John McKnight Bloss is shown here in a rare campus photo taken during the last year of his OSU presidency. He is pictured wearing his Union officer's "Great Coat." Photo from the September 1993, Oregon Stater.

The person chosen over Letcher remains the marquee figure in OSU’s connection to the War. His name was John McKnight Bloss who, at the time he came West to lead Oregon Agricultural College, was the most celebrated enlisted man to have served the Union Army during the great conflict. As a sergeant assigned to Co. F of the 27th Indiana Regiment, it was Bloss, along with Corporal Barton Mitchell, who was given credit for the discovery of "Lee’s Lost Order 191," found by the pair just three days before the opening shots at Antietam. Issued as "Special Order 191" on Sept. 13, 1862, Lee’s dispatch contained a detailed description of how the Confederate commander planned to disperse his army in preparation for the coming battle. Written on a piece of paper wrapped around three cigars, it had been somehow been left behind in an abandoned Confederate campsite Bloss’ unit occupied shortly after. The incident, then and now, is considered one of the greatest security leaks in American military history. That Bloss was president of Oregon State from 1892-96 makes this story a fascinating piece of state and local history.

Bloss’ connection to Oregon State became known in January 1992 when then OSU President John Byrne received a letter from the widow of John M. Bloss, a grandson named for his famous Civil War grandfather-turned-college president, offering the university the use of photographs and documents she had found while going through family papers. Toward the end of her correspondence, almost written as an afterthought, she wrote, "As you probably know, John M. was a Civil War veteran and the finder of Lee’s ‘Lost Order’ at Antietam."

The rise of this celebrated army sergeant to college president is a tale of considerable professional and personal achievement. For 25 years after the close of the War, Bloss, an 1860 graduate of Hanover College, worked in a variety of top administrative positions in public schools systems stretching from Muncie, Indiana, to Topeka, Kansas. During this time he became known as the educator who "invented" the concept of the "consolidated" public school.

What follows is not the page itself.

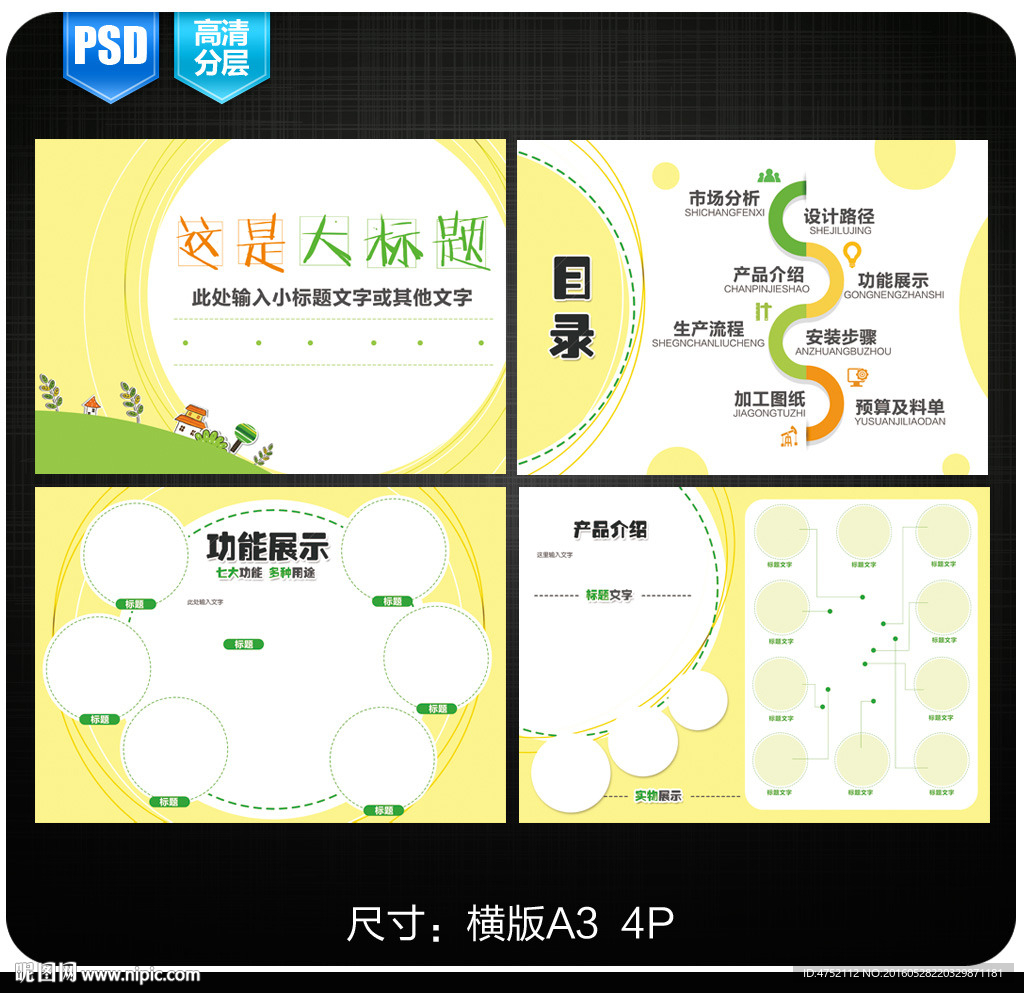 卡通画册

While president of OSU, Bloss increased the size of the campus from two to four buildings and increased the size of the faculty and operating budgets. To Beaver fans, Bloss is the father of OSU football, having given permission to the student body in 1893 to field a team. His son, Will Bloss, both played on the team and served as its head coach, the first in school history. Bloss changed the color of OSU’s military uniforms from gray (under Arnold) to blue and was the president during whose administration the school adopted the colors orange and black.

Bloss arrived in Oregon a widower, a fact he shares with Arnold, and like Arnold, remarried while he was in Corvallis. In 1896, probably due to some health issues (Finley the same), OSU’s third president resigned and moved back home, where he died on his family farm, "Blossom Acres," in 1905.

George Edmonston Jr. is editor of the Oregon Stater and Eclips.